» **Record excerpts**:
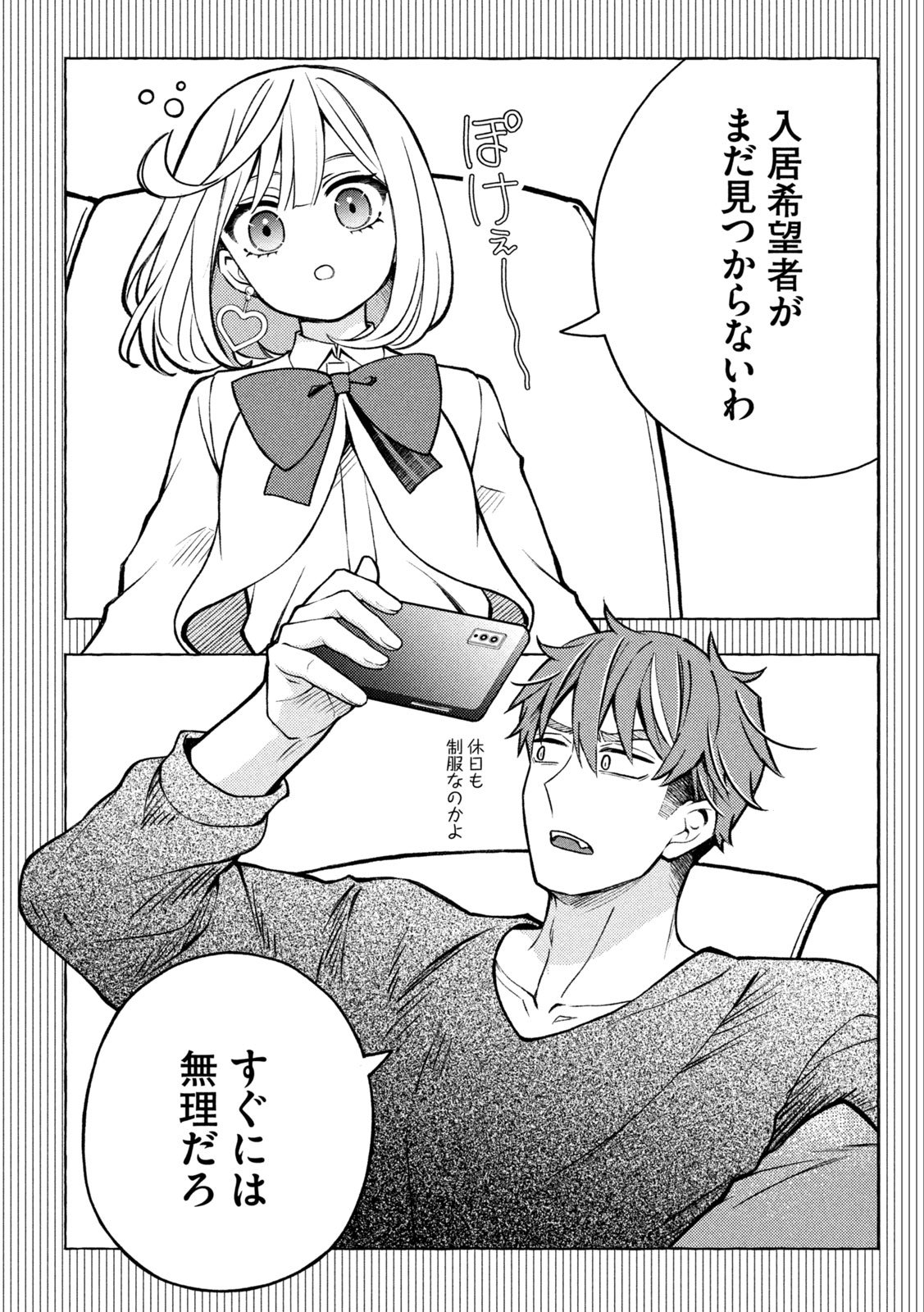 The Stray Dog and the Angel - Chapter 6 - Page 5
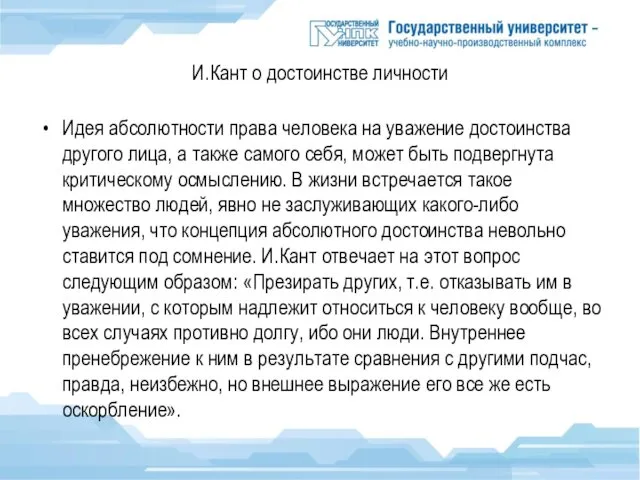 И.Кант о достоинстве личности Идея абсолютности права человека на уважение достоинства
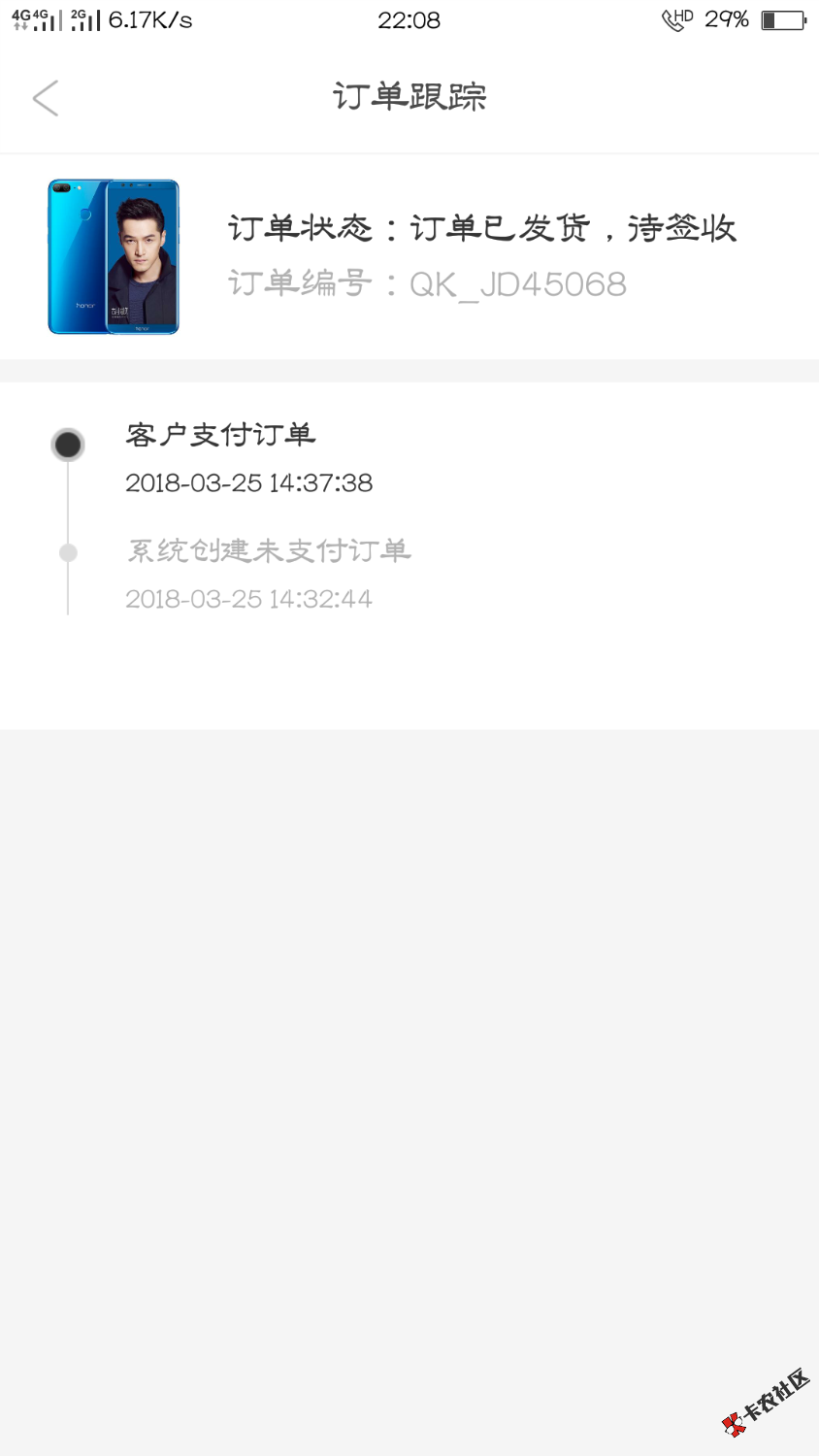 爱用商城一直这样两天了账单都出来了但是还收到货5 / 作者:hou456789369 / 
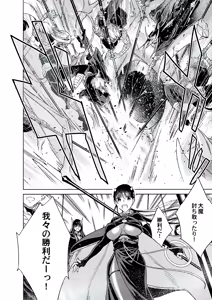 Page 35 of Ayame - preview thumbnail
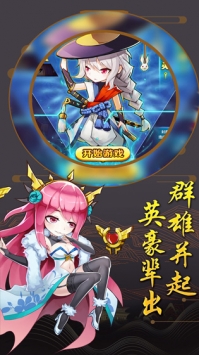 小小方程式手机版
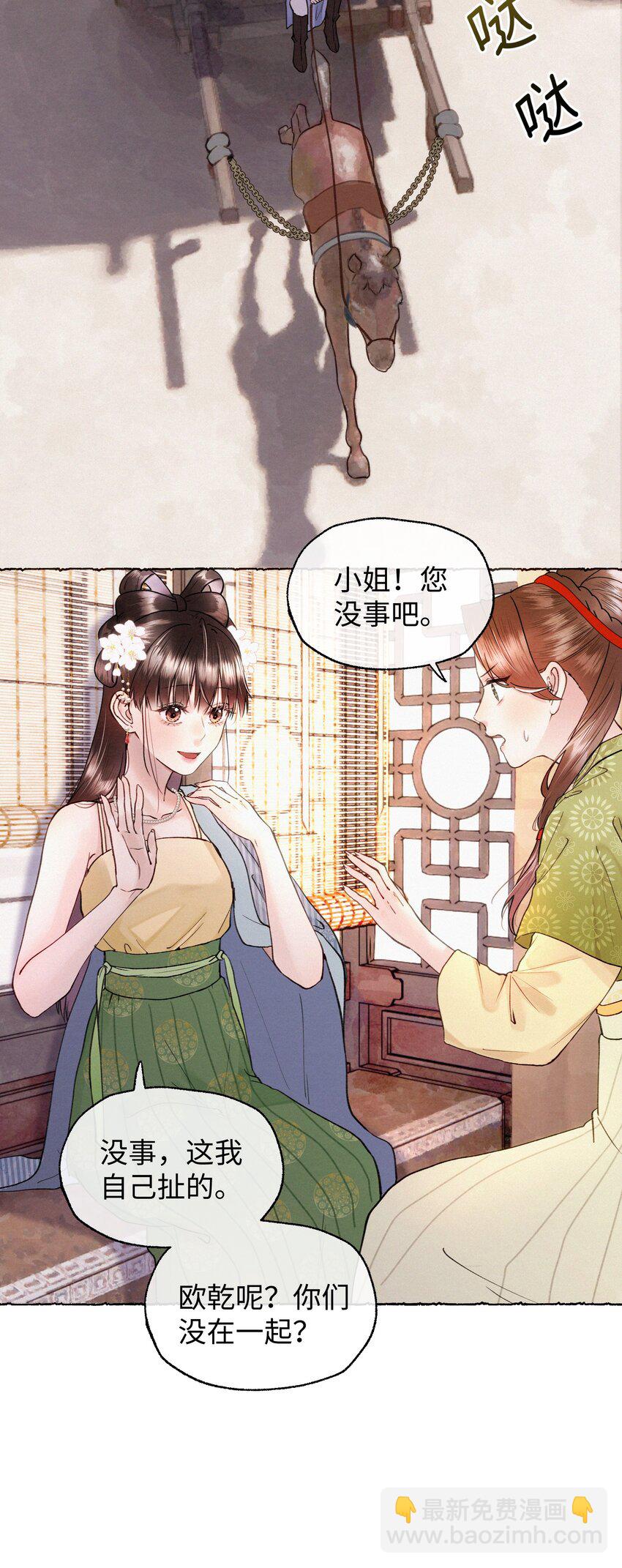 026 她真是和小时候一模一样-第26话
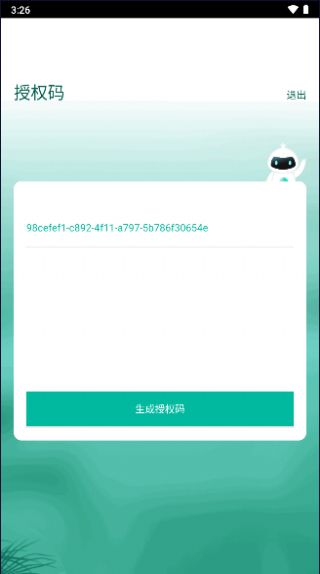 授权工具app下载_授权工具app官方版v1.1 运行截图2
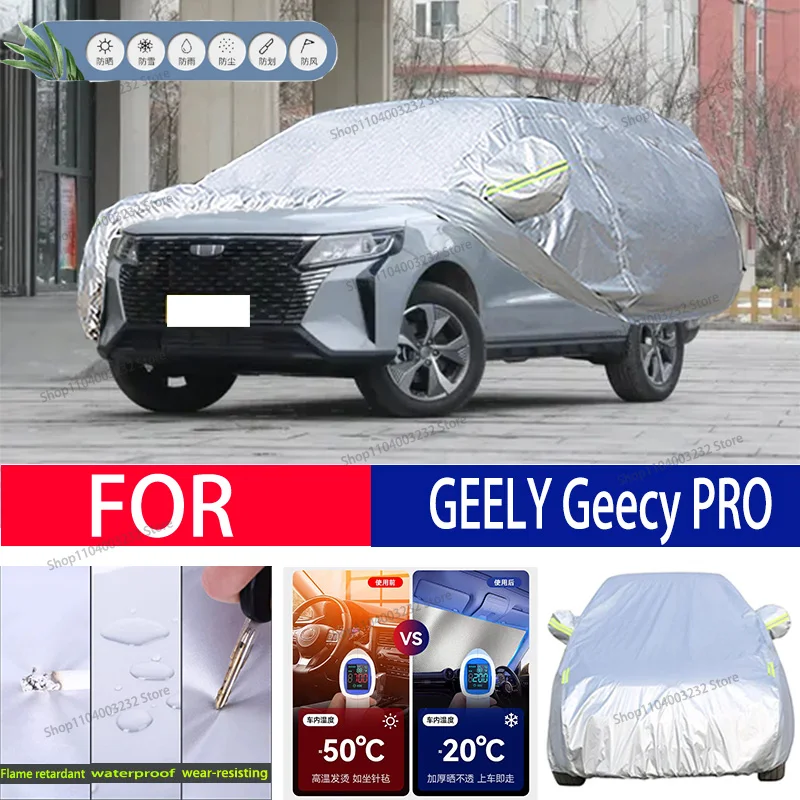 

For GEELY Geecy PRO Car clothing sun protection snow prevention antifreeze car protective cover auto cover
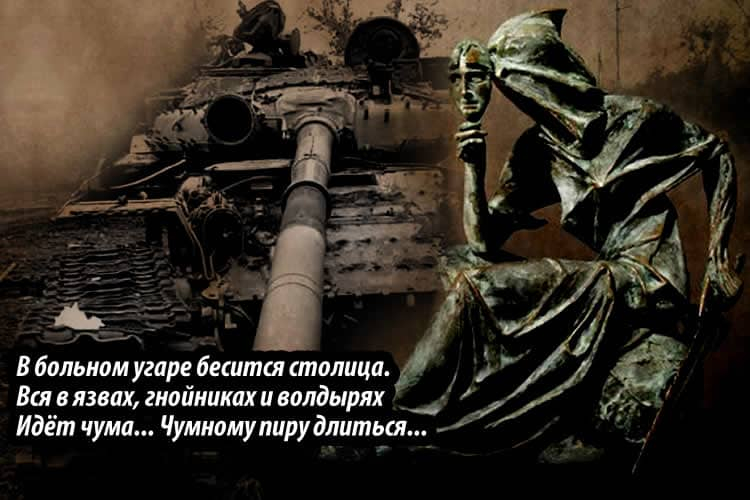 Война в Украине стихи
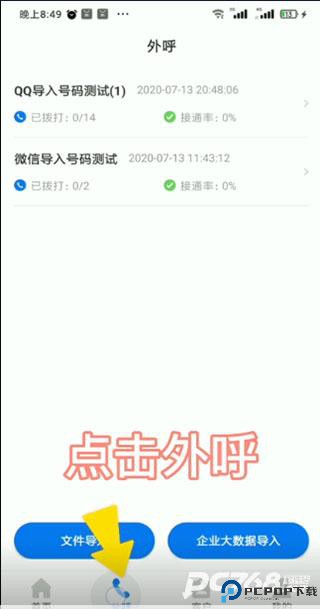 电销帮自动拨号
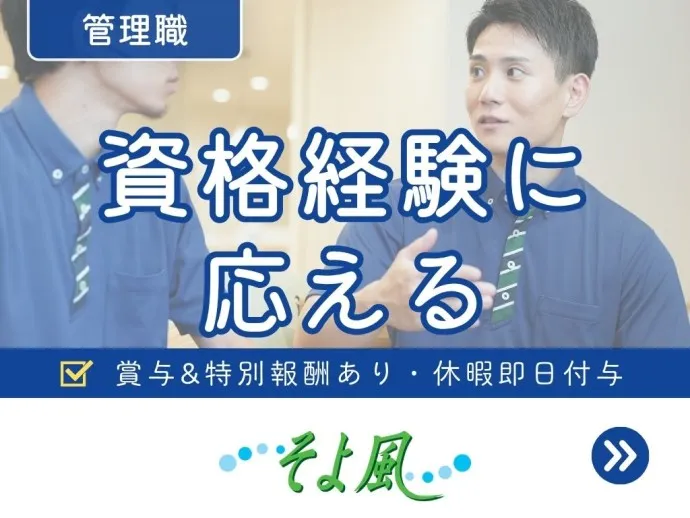 株式会社SOYOKAZEの求人・転職情報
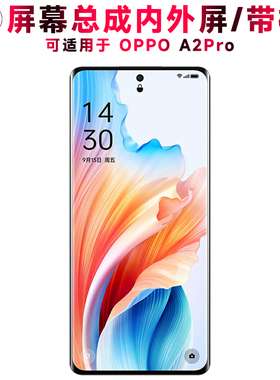 巨秘屏幕总成可适用于OPPOA2Pro屏幕总成带框OPPO A2PRO触摸屏a2pro电池中框液晶屏显示屏内外屏一体屏手机屏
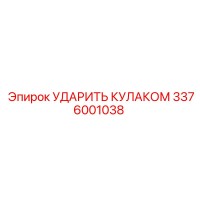 3376001038 УДАРИТЬ КУЛАКОМ Epiroc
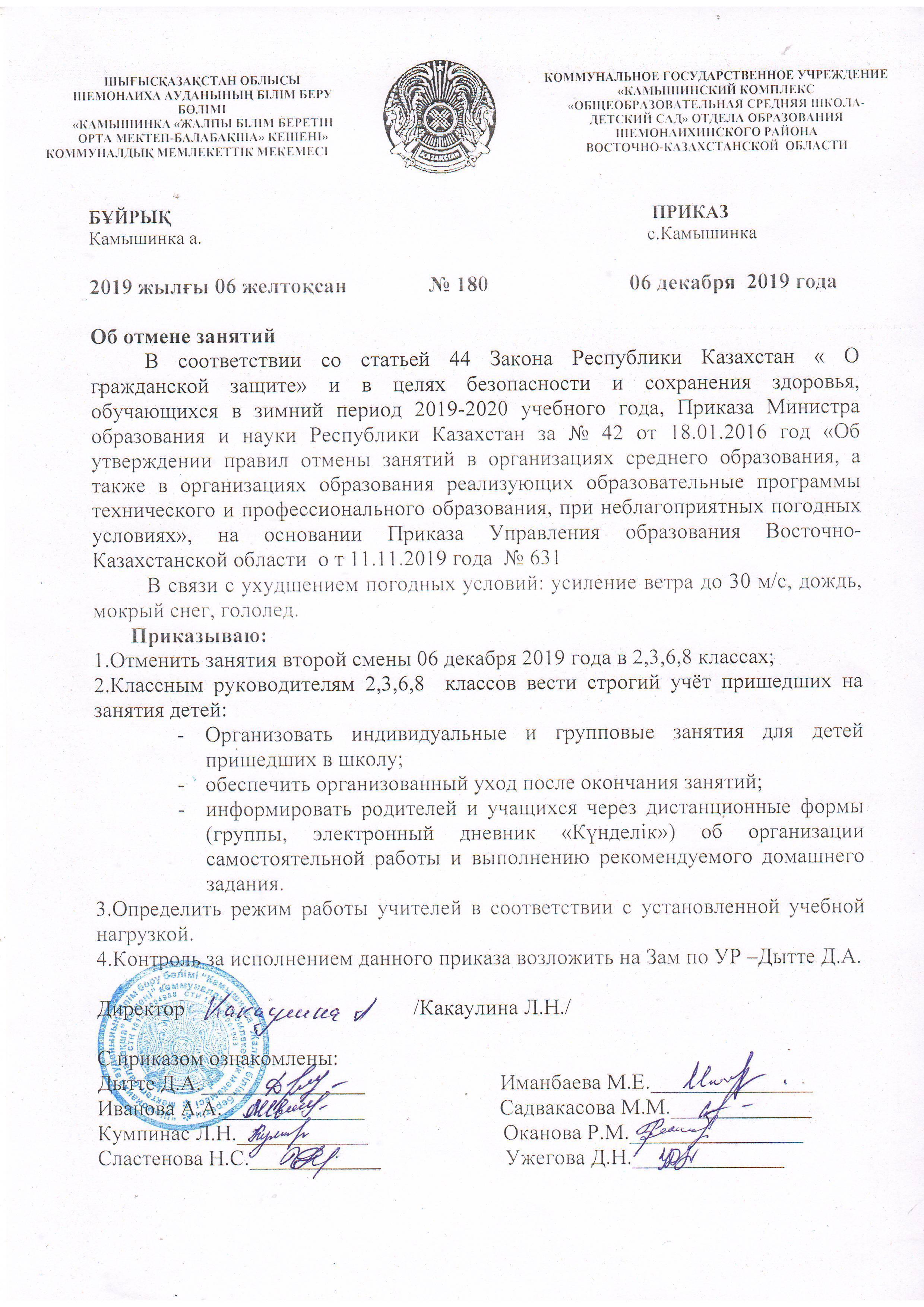 Приказ об отмене занятий 2 смены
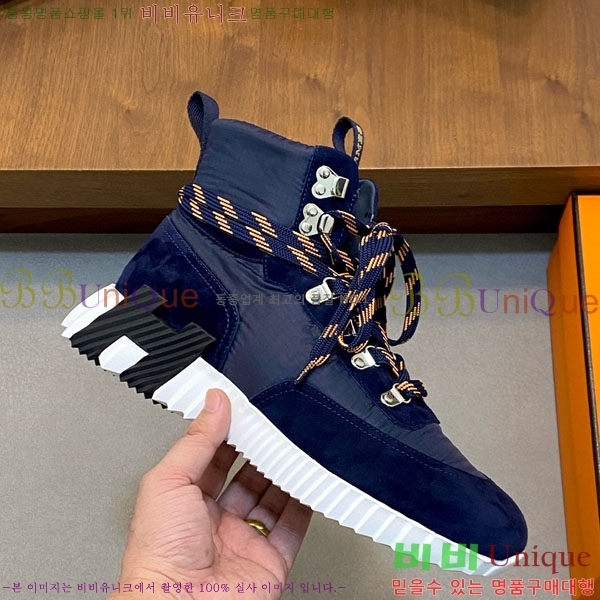 ���� �����޽� ����ž H8834450-3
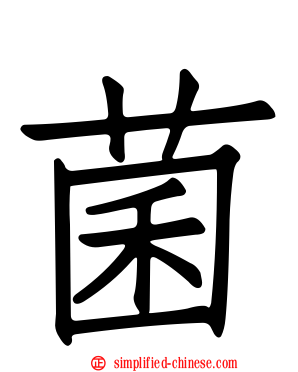 菌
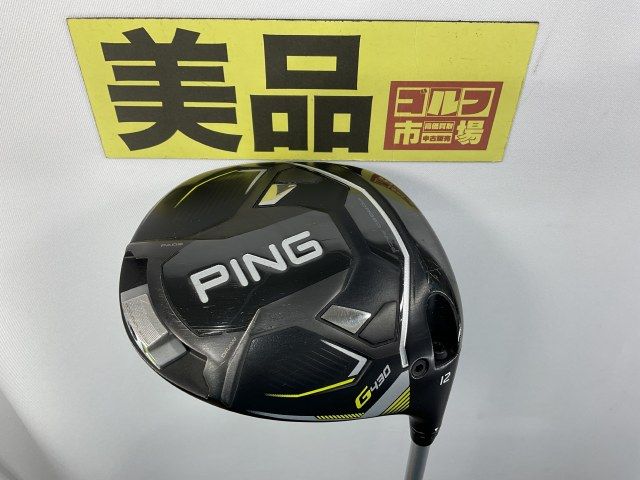 【中古】ピン 【美品・希少ロフト】G430 HL MAX ドライバー（軽量）/SPEEDER NX35(JP)/1FLEX/12[4235]神戸長田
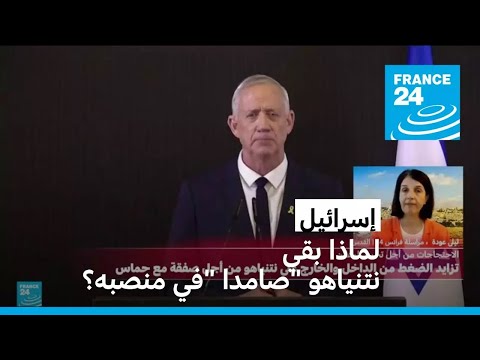 لماذا بقي نتنياهو "صامدا" في منصبه رغم كل الضغوطات؟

» **Required action**:
Reproduce exactly the lines from the beginning of the material down to the line containing "巨秘屏幕总成可适用于OPPO", both ends included, but not the pictures or anything after.

» **Task solution**:
 The Stray Dog and the Angel - Chapter 6 - Page 5
 И.Кант о достоинстве личности Идея абсолютности права человека на уважение достоинства
 爱用商城一直这样两天了账单都出来了但是还收到货5 / 作者:hou456789369 / 
 Page 35 of Ayame - preview thumbnail
 小小方程式手机版
 026 她真是和小时候一模一样-第26话
 授权工具app下载_授权工具app官方版v1.1 运行截图2

For GEELY Geecy PRO Car clothing sun protection snow prevention antifreeze car protective cover auto cover
 Война в Украине стихи
 电销帮自动拨号
 株式会社SOYOKAZEの求人・転職情報
 巨秘屏幕总成可适用于OPPOA2Pro屏幕总成带框OPPO A2PRO触摸屏a2pro电池中框液晶屏显示屏内外屏一体屏手机屏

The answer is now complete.